The fact of the matter is that in this economic environment, it’s pretty tough to find unloved, overlooked value and growth stocks. That’s because virtually everything is going up.



The S&P 500 is up 26% year-to-date and 15% since its pre-Great Recession high. Not to be outdone, the Dow Jones Industrial Average is up more than 21% since the beginning of the year and up roughly 13% from its pre-recession high. The NASDAQ is hands down the top performer so far this year, up 30% since January 2 and more than 40% since peaking in 2007.



In a bull market where it seems like everything is going up, it’s getting increasingly tougher to find stocks on the S&P 500 and exchange-traded funds (ETFs) that appeal to both bargain hunters and growth gurus.



Or rather, it’s getting tougher to find stocks that have a legitimate chance to make solid gains in both the current artificially low interest rate environment and the one that includes any tapering of the Federal Reserve’s $85.0-billion-per-month quantitative easing strategy.



Let’s also not forget the ability of a company to grow in the lengthening shadow of tepideconomic growth.

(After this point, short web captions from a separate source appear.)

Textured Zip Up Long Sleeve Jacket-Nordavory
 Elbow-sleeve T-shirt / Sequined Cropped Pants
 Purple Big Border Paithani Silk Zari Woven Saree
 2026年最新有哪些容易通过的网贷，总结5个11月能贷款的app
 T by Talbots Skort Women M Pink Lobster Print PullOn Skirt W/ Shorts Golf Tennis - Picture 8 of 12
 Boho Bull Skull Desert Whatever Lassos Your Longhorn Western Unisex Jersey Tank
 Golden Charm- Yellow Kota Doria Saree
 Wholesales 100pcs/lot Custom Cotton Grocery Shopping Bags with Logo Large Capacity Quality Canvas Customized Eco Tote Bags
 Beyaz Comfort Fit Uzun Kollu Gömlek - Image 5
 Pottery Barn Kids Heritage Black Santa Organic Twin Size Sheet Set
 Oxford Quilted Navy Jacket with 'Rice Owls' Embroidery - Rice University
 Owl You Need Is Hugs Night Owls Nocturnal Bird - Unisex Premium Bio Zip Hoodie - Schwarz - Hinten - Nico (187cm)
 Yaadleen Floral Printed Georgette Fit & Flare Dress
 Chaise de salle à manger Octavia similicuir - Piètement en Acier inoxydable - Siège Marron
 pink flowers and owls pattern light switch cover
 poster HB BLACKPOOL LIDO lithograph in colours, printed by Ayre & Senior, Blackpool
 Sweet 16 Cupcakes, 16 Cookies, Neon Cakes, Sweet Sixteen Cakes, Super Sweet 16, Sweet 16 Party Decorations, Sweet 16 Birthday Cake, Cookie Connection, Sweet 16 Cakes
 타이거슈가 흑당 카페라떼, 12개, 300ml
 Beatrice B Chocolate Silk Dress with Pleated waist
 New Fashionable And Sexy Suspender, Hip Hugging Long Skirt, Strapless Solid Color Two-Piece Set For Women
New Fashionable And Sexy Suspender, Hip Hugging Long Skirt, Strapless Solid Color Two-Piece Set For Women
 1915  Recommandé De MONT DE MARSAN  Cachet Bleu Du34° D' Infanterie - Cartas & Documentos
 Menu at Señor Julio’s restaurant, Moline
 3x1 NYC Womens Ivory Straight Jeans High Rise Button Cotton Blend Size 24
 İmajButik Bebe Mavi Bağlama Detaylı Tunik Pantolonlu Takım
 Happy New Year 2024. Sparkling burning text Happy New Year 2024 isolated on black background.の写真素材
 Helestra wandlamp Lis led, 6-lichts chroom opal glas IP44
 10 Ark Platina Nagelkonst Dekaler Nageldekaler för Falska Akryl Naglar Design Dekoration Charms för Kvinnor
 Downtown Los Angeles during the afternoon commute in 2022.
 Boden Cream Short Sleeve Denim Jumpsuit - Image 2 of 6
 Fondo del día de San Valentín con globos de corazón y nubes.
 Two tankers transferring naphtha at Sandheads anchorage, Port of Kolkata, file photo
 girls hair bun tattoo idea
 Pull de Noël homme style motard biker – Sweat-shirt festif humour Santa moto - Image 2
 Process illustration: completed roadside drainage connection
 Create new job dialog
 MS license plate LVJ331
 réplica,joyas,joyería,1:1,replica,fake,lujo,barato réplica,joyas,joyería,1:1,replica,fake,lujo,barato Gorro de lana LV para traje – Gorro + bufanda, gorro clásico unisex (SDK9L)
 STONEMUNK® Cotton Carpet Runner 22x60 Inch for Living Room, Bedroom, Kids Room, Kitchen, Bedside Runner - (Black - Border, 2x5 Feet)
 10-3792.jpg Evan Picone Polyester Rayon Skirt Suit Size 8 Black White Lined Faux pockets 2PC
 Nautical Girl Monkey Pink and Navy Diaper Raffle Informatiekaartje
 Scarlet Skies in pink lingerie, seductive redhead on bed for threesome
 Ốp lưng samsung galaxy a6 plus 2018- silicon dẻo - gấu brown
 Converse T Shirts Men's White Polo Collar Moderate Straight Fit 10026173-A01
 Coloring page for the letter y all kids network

An increasingly large number of companies on the S&P 500 have been revising their quarterly earnings lower. So far, 92 (89%) of the S&P 500 companies have already issued negative earnings guidance for the fourth quarter.



While the companies that actually make up the S&P 500 are seemingly cautious about 2014, those who watch the companies that make up the S&P 500 are a little more optimistic.



Some analysts are predicting the S&P 500 will grow just six percent, from its current levels to 1,900, by the end of 2014 and 17%, reaching 2,100, by the end of 2015; others predict the S&P 500 will grow by 20% by the end of 2015. (Source: Ro, S., “Goldman Sachs’ Outlook For Stocks Looks A Lot Like Jeremy Grantham’s Bubble Scenario,” Business Insider web site, November 21, 2013.)



No matter how you slice it, the Wall Street prognosticators are predicting the S&P 500 will continue to notch up its record highs for at least the next two years. That still means it will continue to be difficult to find value and growth stocks.



However, there are some great value stocks out there with solid momentum that investors may want to consider; these companies include Federal-Mogul Corporation FDML, Ferro Corporation FOE, and Federal Signal Corporation FSS.